# butterfly spline



## Scott (Feb 9, 2005)

I have seen small boxes made with a butterfly splined miters. I normally build boxes with 1/2 inch sides and the butterfly spline bits that I have seen are 14 deg. The 14 deg. dovetails that I have seen seem like they would be too big for 1/2 inch stock. Does anyone have any recommendations.


----------



## BobandRick (Aug 4, 2004)

Scottc:

So I am on the same page 

You want to cut a mitered corner on your 1/2" material then want to put 14 degree dovetail groove on each of the mitered surfaces.
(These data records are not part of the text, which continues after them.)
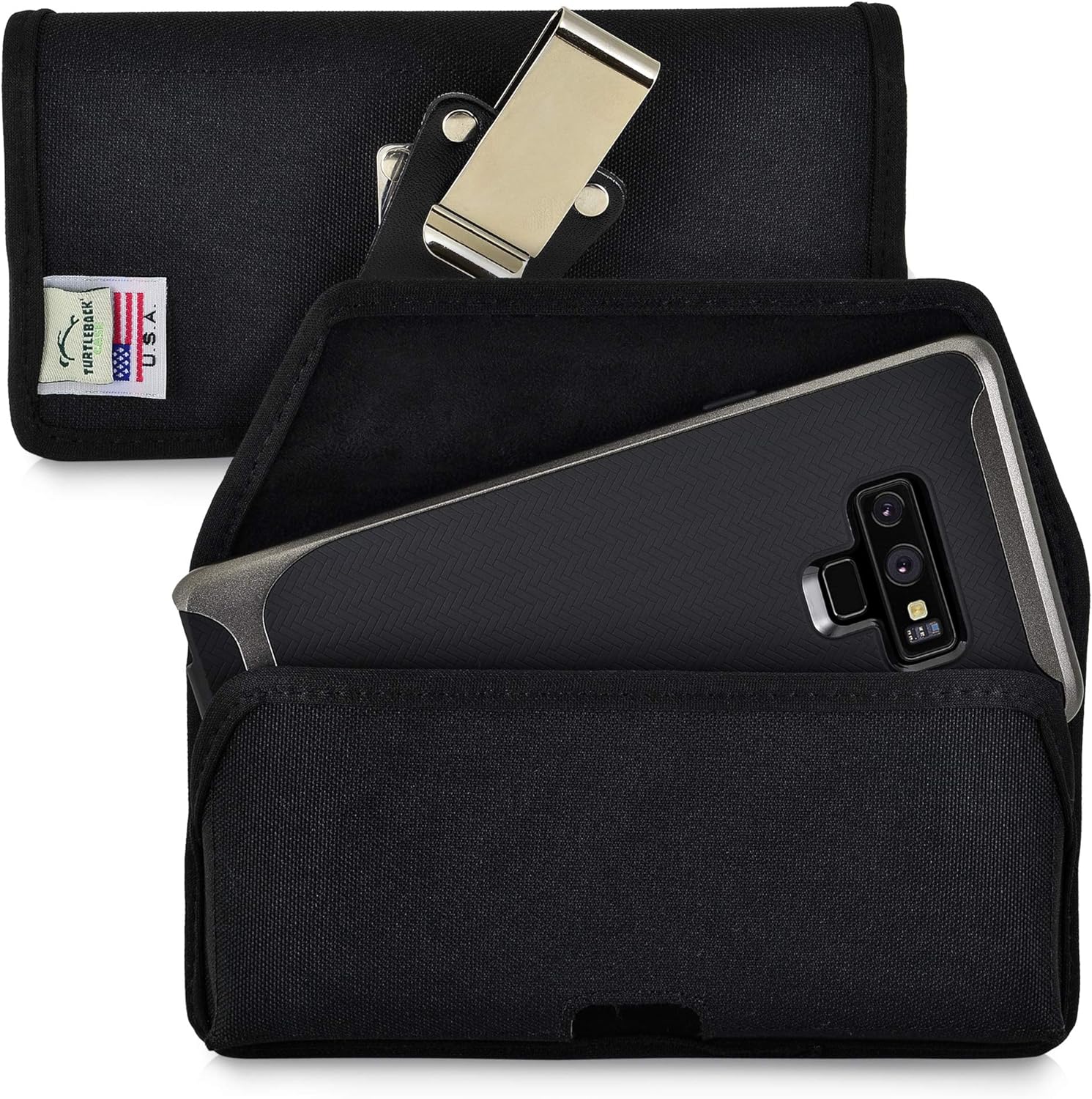 Turtleback Belt Clip Case Compatible with Samsung Note 9 and Note 8 Black Holster Nylon Pouch with Heavy Duty Rotating Belt Clip Horizontal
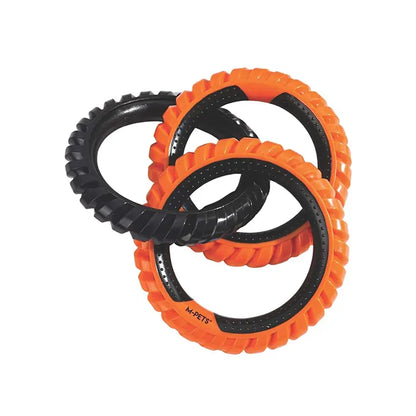 Jouet pour chien M-Pets Ring King Triple, anneau de traction et de mastication durable, orange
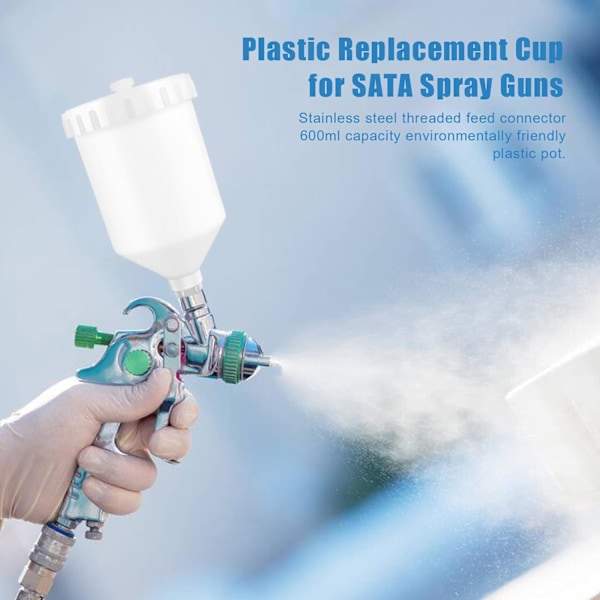 600ML Färgkopp, 600Ml Färgvattenkanna Luft Sprayverktyg Plastkruka Trådkontakt Sprayverktyg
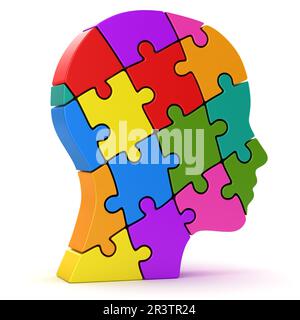 Testa umana fatta di pezzi di puzzle colorati Foto Stock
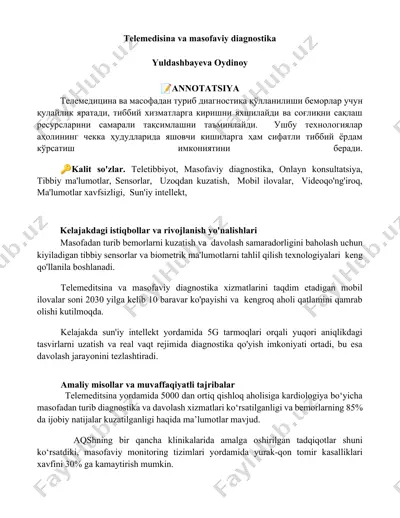 telemedisina va masofaviy diagnostika — DOCX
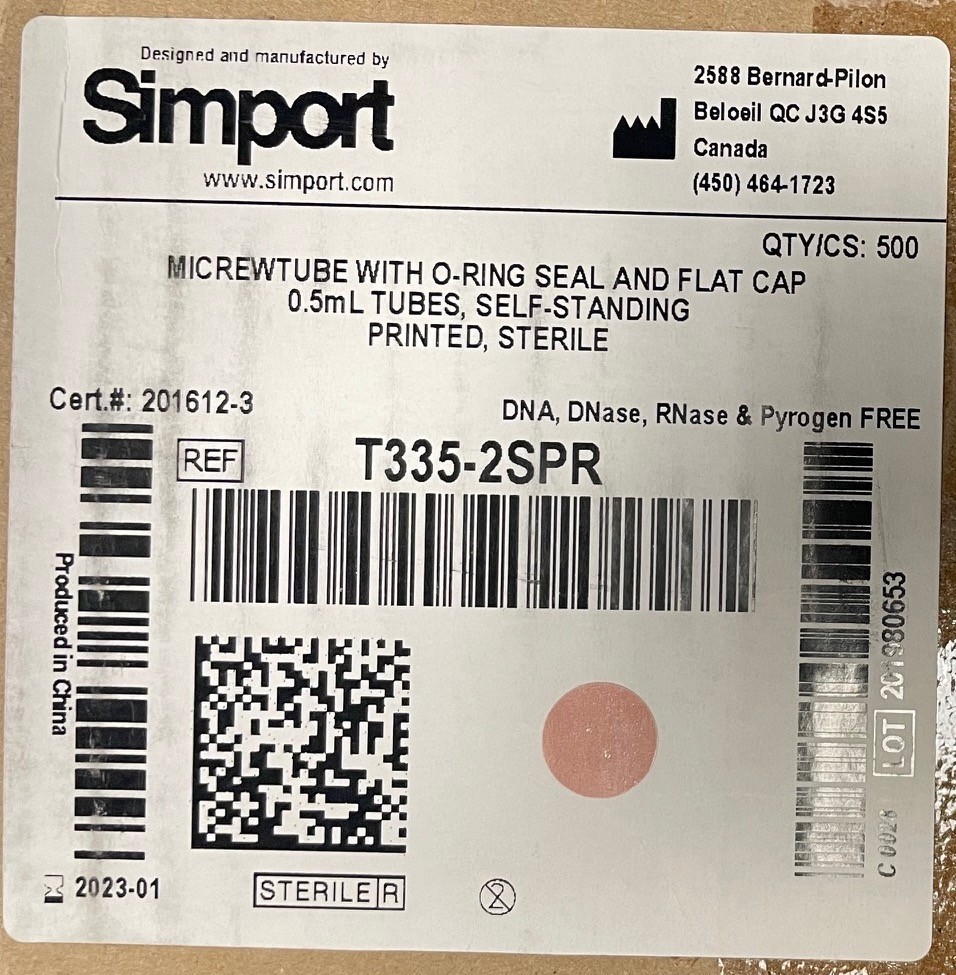 0.5 ml standing tubes with screw cap, sterile, RNase DNase free, 50 tubes/pag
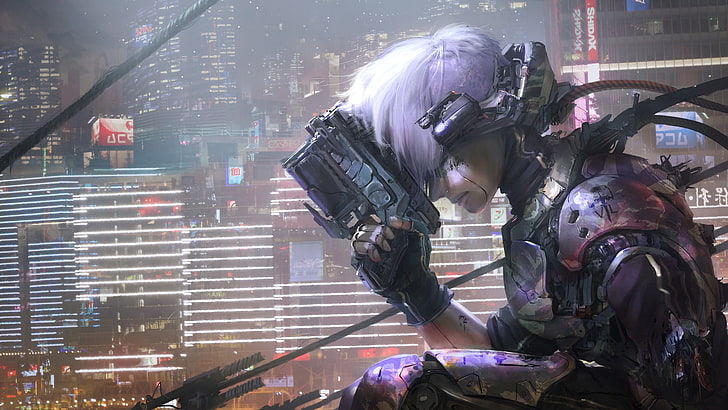 Android holding rifle digital wallpaper, cyberpunk, artwork, cybernetics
And cut a butterfly spline to fit the two pieces together to make the corner, right?

If so, they make 8 degree 1/4" dovetail bits that can cut the groove your looking for we just need a way to cut the butterfly pin. Please let me know if I am on the same page before I explain how to make the butterfly pin.

Thanks, Rick


----------



## Scott (Feb 9, 2005)

Yes you are correct. I have a 1/4 inch 7.5 degree dovetail that I bought for that purpose but I was hoping to find a butterfly spline bit to match but I have not found one. Any help would be greatly appreciated.


----------



## Mike (Nov 22, 2004)

Scott, See if this link is what you are looking for? http://us.oak-park.com/catalogue.html?list=RBS1-- If so it is on sale.


----------